Video Objective Uterine isthmoceles are pouchlike defects in the anterior uterine wall, at the site of a prior cesarean section scar. Its prevalence has increased in direct relation to the increase in cesarean rates worldwide. Isthmoceles cause abnormal uterine bleeding, secondary infertility, and pain. There is no standard treatment for isthmoceles. This video demonstrates a robotic assisted laparoscopic approach to the resection of a uterine isthmocele. Setting The patient is a 36 year old with a history of one cesarean section with abnormal uterine bleeding. She was diagnosed with an isthmocele by transvaginal ultrasound performed in preparation for embryo transfer.
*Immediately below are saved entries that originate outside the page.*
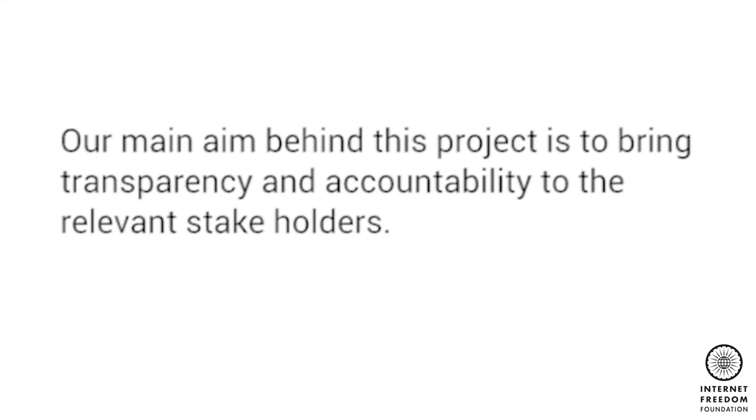Use of facial recognition technology in the absence of a legal framework is illegal and it fails to satisfy the thresholds laid down in the Puttaswamy judgment on the right to privacy. The use is also violative of the fundamental right to privacy, the right to freedom of speech and expression, and the right to freedom of movement. IFF has been working on this consistently and through our Project Panoptic, we aim to bring transparency and accountability to the relevant stakeholders. It is our position that use and development of facial recognition technology by the Indian government and the state governments should be immediately stopped and a moratorium of three years should be placed on such use. Thank you.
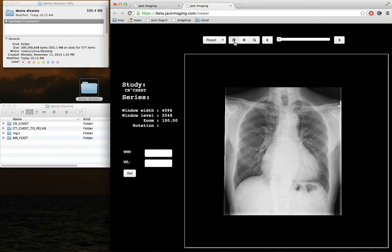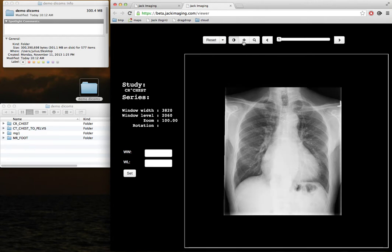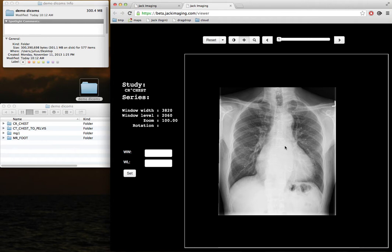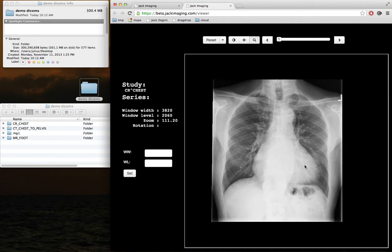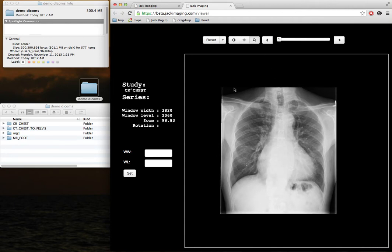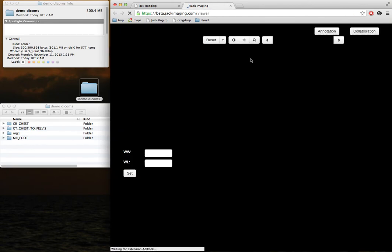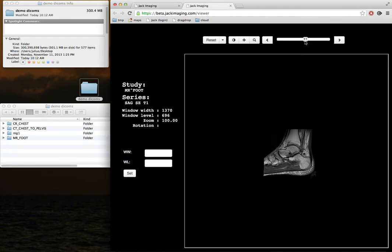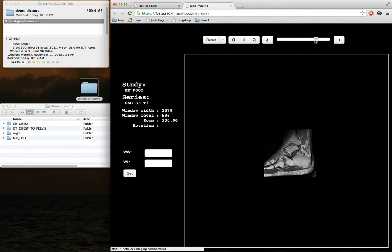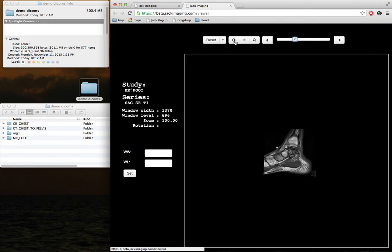Inside the viewer, you can change the windowing level, pan, and zoom. You can slide through individual images in the DICOM series.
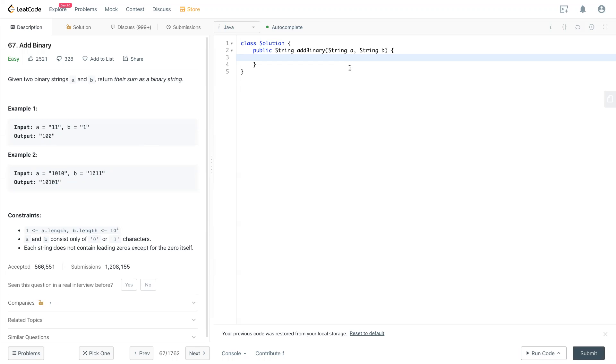To solve this solution, we have a carry. When we add up more than one, we have a carry on for the next digit. That's how we start this solution. Let's take a look at the code.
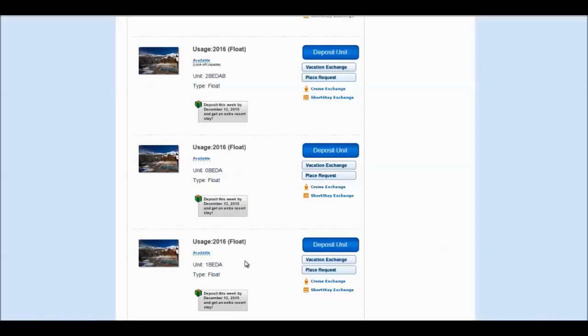If there's any confusion on what these codes mean, please reference the chart that's on the slide show to explain to you what these different unit types stand for.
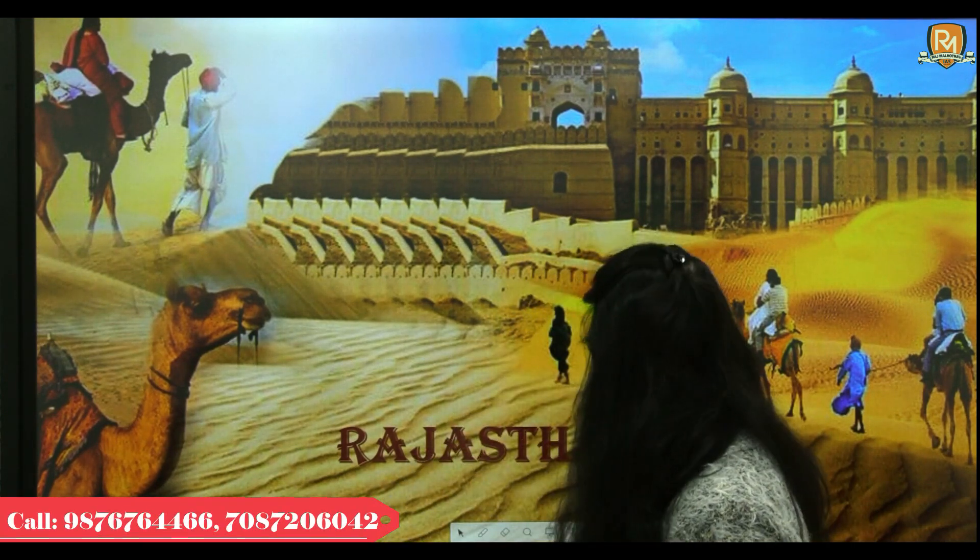Hello everyone, welcome to Raj Malhotra's IAS. My name is Shivani and I welcome you all to our series India 360 Degree. Today we will be covering the beautiful state of Rajasthan. Let us quickly start our today's session.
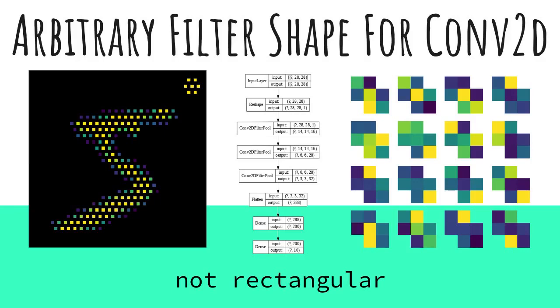Hi, welcome back. Today we're going over arbitrary filter shapes for convolution 2D. Yeah, that's right, not rectangular convolution.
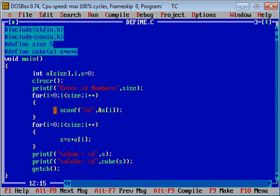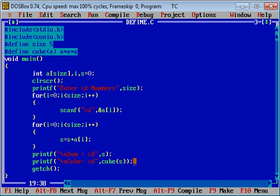After completion of this for loop, the printf statement will print the value of s on the console, and the second printf statement will call cube of s. So this cube of s will be replaced by cube of a — a will receive the value of s and that will be converted into a into a into a. So you can say the cube of s will be printed with the help of this printf statement.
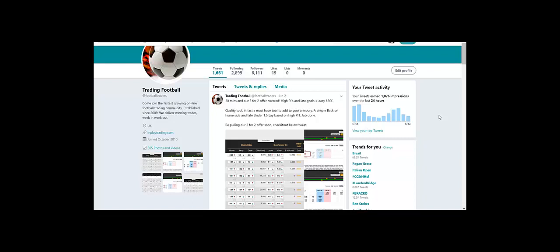And why not use it in conjunction with the inplaytrading.com tool. Both exceptional and well worth adding to your trading armory portfolio. Okay, hope you've enjoyed this video and see you again soon.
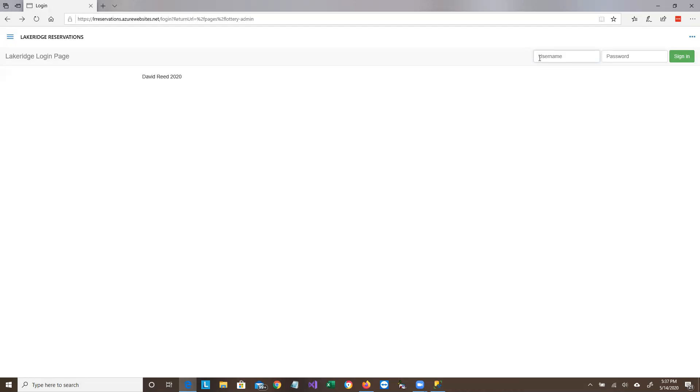So I'm going to log in as someone who has not yet used the system, so you'll see what happens the first time you're in.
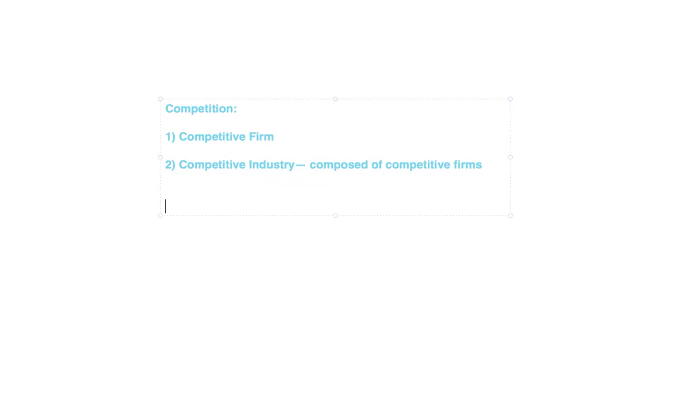If anything I'm saying sounds unfamiliar, stop me and ask a question. We're transitioning here — first we studied supply and demand, then consumer choice, which explains where demand comes from for an individual. The market demand curve is composed of all individuals' demand curves, so we've answered where demand comes from. But we haven't really answered where supply comes from.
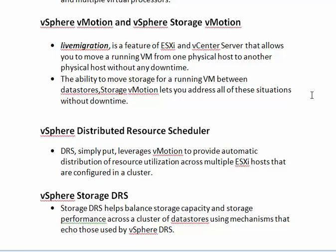The ESXi cluster has a combination of CPU power and memory of all the hosts in the cluster. It provides CPU power and memory based on the usage of the ESXi host. If the VMs in the ESXi host require more CPU power and memory, it will provide more CPU power and memory to that particular VM.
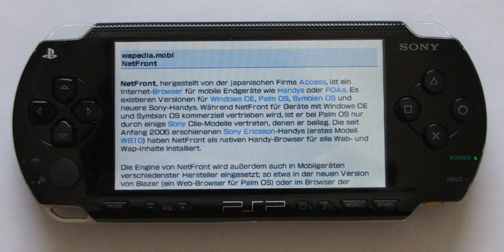The PlayStation Portable system software is the official firmware for the PlayStation Portable. It uses the CrossMedia Bar as its user interface, similar to the PlayStation 3 console. Updates add new functionality as well as security patches to prevent homebrew applications and plugins from being executed on the system. Updates can be obtained in four ways.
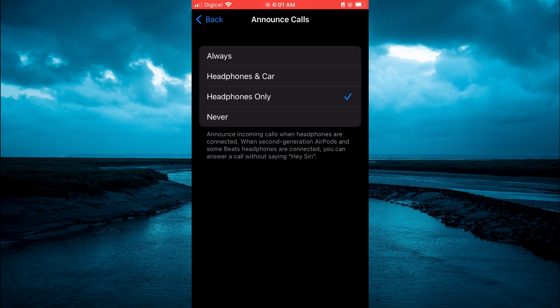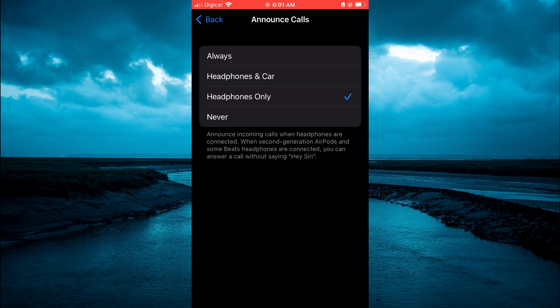If you would like to turn off announce calls on iPhone, all you have to do is simply tap on never.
The patient was treated at a tertiary care centre in Brooklyn, New York. Interventions The risks, benefits, and alternatives of a robotic assisted laparoscopic resection of a uterine isthmocele were discussed with the patient and consent was obtained. The robot was docked and simultaneous hysteroscopy was performed. The fenestrated bipolar and monopolar scissors were used to perform lysis of adhesions and dissection of the bladder off the uterine isthmus and cervix. Robotic fluorescence imaging was used to identify the isthmocele defect via the “lantern sign” where the hysteroscopic light shines through the tissue similar to a lantern. The isthmocele was excised and the defect was reapproximated with an absorbable monofilament suture. A barbed suture was then used for a second imbricating layer, with excellent hemostasis. Fluorescence imaging was used again and the hysteroscopic light could no longer be identified, as the isthmocele had been resected and repaired. Conclusion Uterine isthmoceles are increasing in relation to the increased rate of cesarean sections. Symptomatic and asymptomatic women who desire future pregnancy should be offered surgical treatment. Robotic assisted laparoscopic management of uterine isthmoceles can be associated with increased patient satisfaction with faster recovery times, and decreased length of hospitalization, and should be considered when possible.